• [Problem statement] Below is a listing to write out in full, exactly as given, without its pictures.

START Given data

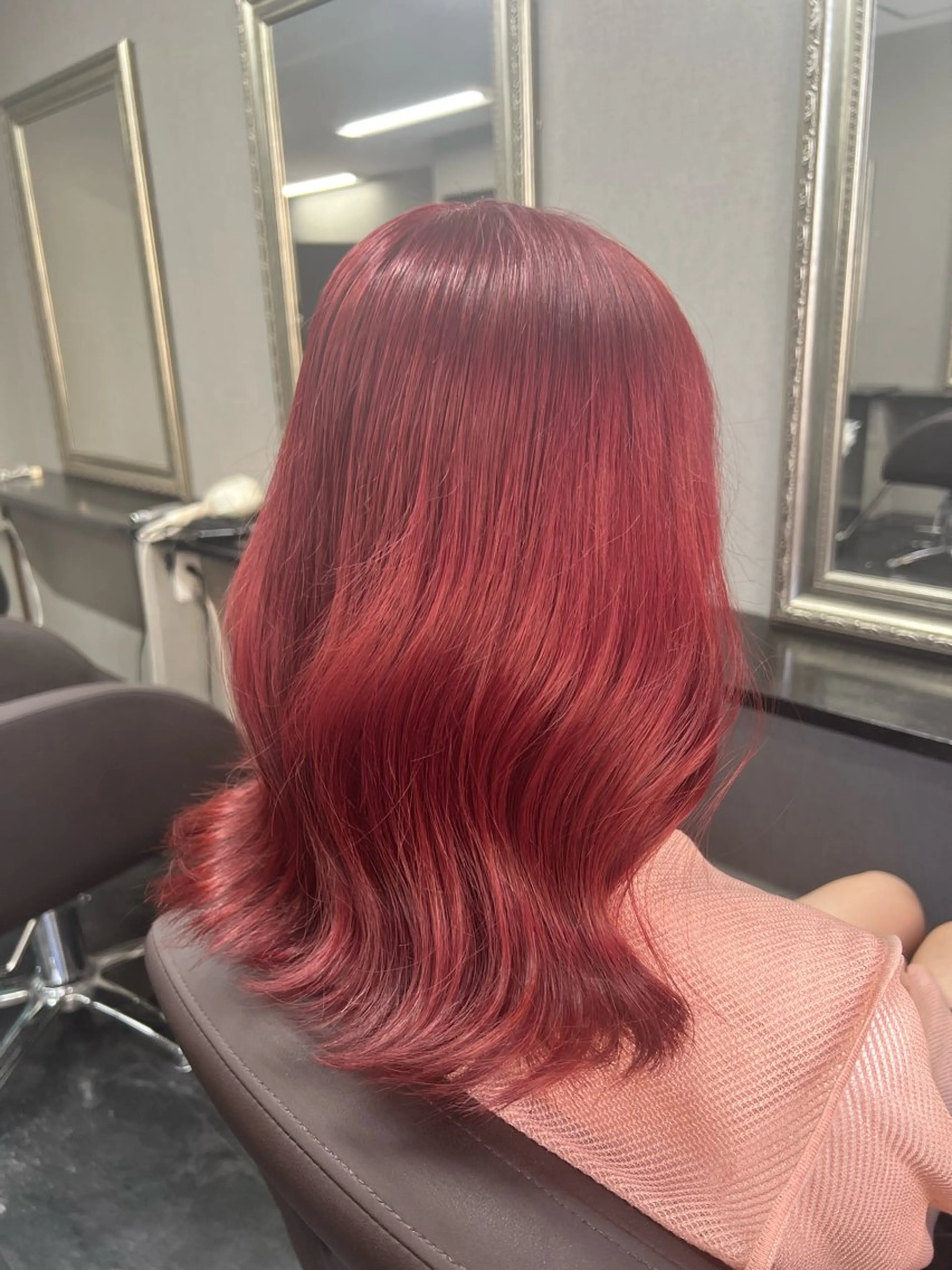 ミディアム カラー ヘアカラー ハイトーンカラー 坂本 翼のヘアスタイル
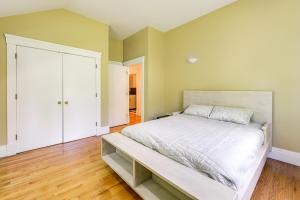 Postel nebo postele na pokoji v ubytování 18 Mi to Boston - Stylish Unit in Upscale Enclave!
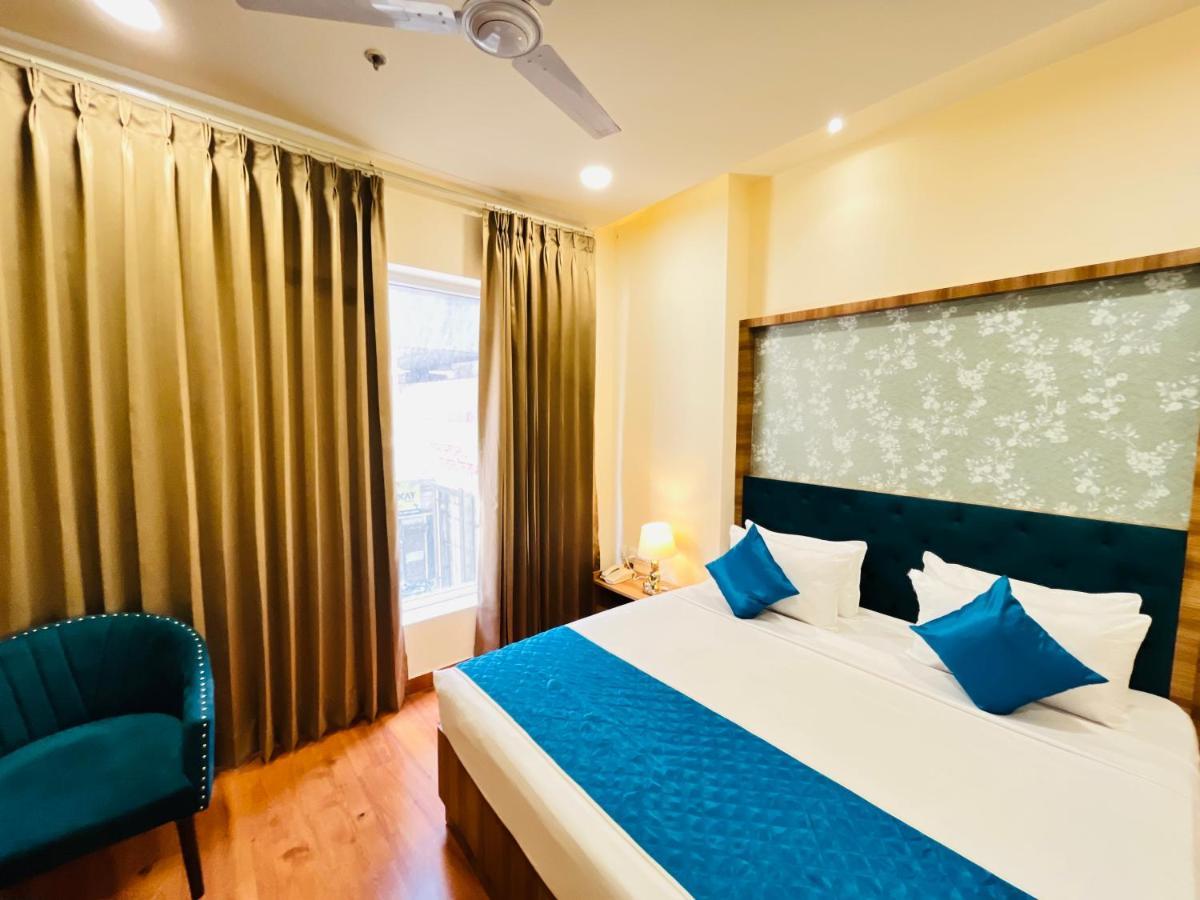 Hotel The Orchid Tree Amritsar - Walking From Golden Temple ภายนอก รูปภาพ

END Given data

• [Reply]
 ミディアム カラー ヘアカラー ハイトーンカラー 坂本 翼のヘアスタイル
 Postel nebo postele na pokoji v ubytování 18 Mi to Boston - Stylish Unit in Upscale Enclave!
 Hotel The Orchid Tree Amritsar - Walking From Golden Temple ภายนอก รูปภาพ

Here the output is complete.